Tom Bullock

Words by Theodora Sutcliffe

Tom Bullock image 1

Died: 1964
Originally from: Louisville, Kentucky, USA
Profession: Bartender
At: St. Louis, USA

Some time around 1917, as America geared for war and Prohibition, the patrician Southern banker and businessman George Walker Bush wrote an introduction to a cocktail book by one Tom Bullock of the St Louis Country Club, Missouri.

If those names sound familiar, there's good reason for that. Bullock's The Ideal Bartender is a standard reference for pre-Prohibition drinks. And George Herbert Walker's grandson, George Herbert Walker Bush, not to mention his great-grandson, George Walker Bush, served as presidents of the United States.

When Walker first put pen to paper, Tom Bullock had been tending bar for at least 25 years. And, according to Walker, who enjoyed his drinks between rounds of golf and networking at the tony Saint Louis Country Club (the Walker Cup is named in his honour), Bullock was a master of his art, especially the julep.

Crafted in the sort of chewy, Latinate prose that likely sparked Hemingway's passion for simplicity, and really should be scratched onto vellum with a quill pen for full impact, the book's opening description of Tom bears repeating: "Tom, than whom there is no greater mixologist of any race, color or condition of servitude..."

Bullock was, of course, a free man at the time this was written and was probably born free. Yet, besides the generations of faceless enslaved bartenders summoned up in the casual mention of "servitude" - and slavery was legal in many American states until the 1860s - Bullock was not the first African-American bartender to make a name for himself.

Although the opener to the book curiously credits a white businessman, Lilburn G. McNair, with mastery of the julep, it was Cato Alexander (1780-1858), a former slave, who was acknowledged as the julep king when the julep hit New York. For many years he owned and ran the fashionable Cato's Inn, one of very few black-owned bars with a white clientele.

The slaves who mixed up the drinks on the grand plantations remain, at time of writing, largely anonymous. Yet bartending was one of few professions where a man could prosper even while enslaved.

John Dabney (1824-1900), a slave of the DeJarnette family, made so much money mixing Mint Juleps in the best hotels in Richmond, Virginia, that he bought his wife out of slavery. He was even close to purchasing his own freedom when the abolition of slavery left him legally free and many of his customers fighting for the right to enslave him again.

Another enslaved Virginia man, Jim Cook, David Wondrich reports, made a selection of multi-serving juleps, replete with baroque garnishes, for the 18-year-old Prince of Wales when he visited Richmond, Virginia.
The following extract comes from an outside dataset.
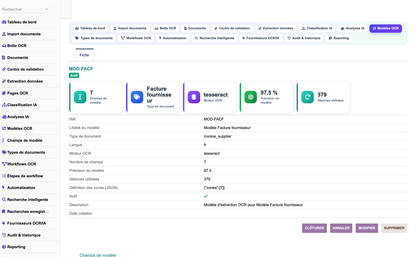 DoliResources - Dolibarr - 12_fiche_modele_ocr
They were Queen Victoria's son's single favourite memory of his American tour.

Free black men owned saloons, from New Orleans' Steamboatman Exchange to Washington DC's Metropole Club, to serve their peers. (In Washington DC, there were sufficient black bartenders to form a Mixologist Club.) But most grand hotels maintained a colour bar – at least when it came to drinking in the bar, rather than serving from it – well into the twentieth century.

As a black man working as a bartender, Tom Bullock was far from alone. Yet he was the first African-American to write a cocktail book – or, rather, to have it published by the invariably white-owned publishers – and make his place in cocktail history secure. (You can buy a reprint from Cocktail Kingdom
">, complete with introduction by Ian Burrell, or read online at Project Gutenberg.)
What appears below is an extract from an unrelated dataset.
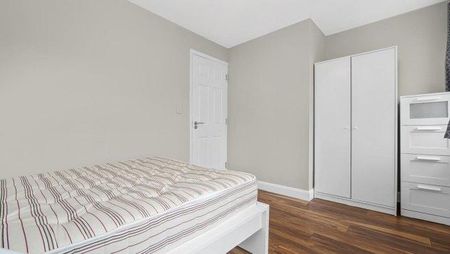 6 bedroom house share to rent - Photo 3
Walker himself – who no doubt knocked back a few cocktails when he helped organise the 1904 St Louis World's Fair – considered The Ideal Bartender the best of the best. "For the past quarter of a century he has refreshed and delighted the members and their friends of the Pendennis Club of Louisville and the St. Louis Country Club of St. Louis," he wrote. (Bullock seems also to have worked at the Kenton Club.)

We know very little about Tom Bullock's life so far. He was probably born in 1872 and lived until 1964. He may have been the son of a soldier and a slave. He seems to have worked in railroad cars and several cities, getting his start as a bellboy in hotels.

But we do have his book. It's an outstanding resource on pre-Prohibition ingredients - published just before Prohibition killed Bullock's bartending career. While many of the drinks tend to the firmly old-school, it includes a horrendous concoction of low-alcohol beer and lemonade in honour of his customer August Busch, as well as some sportingly named creations that may well be his own.

The Ideal Bartender is a great reference for classically styled hot-weather drinks. And it provides a wonderful snapshot of the sort of drinks that Gilded Age oligarchs enjoyed, whether at their country homes or in their country clubs.

Disappointingly, though, it gives us very little idea of who Bullock himself was. Self-effacing to a tee - though relatives survive him - his own creativity left no mark on his book.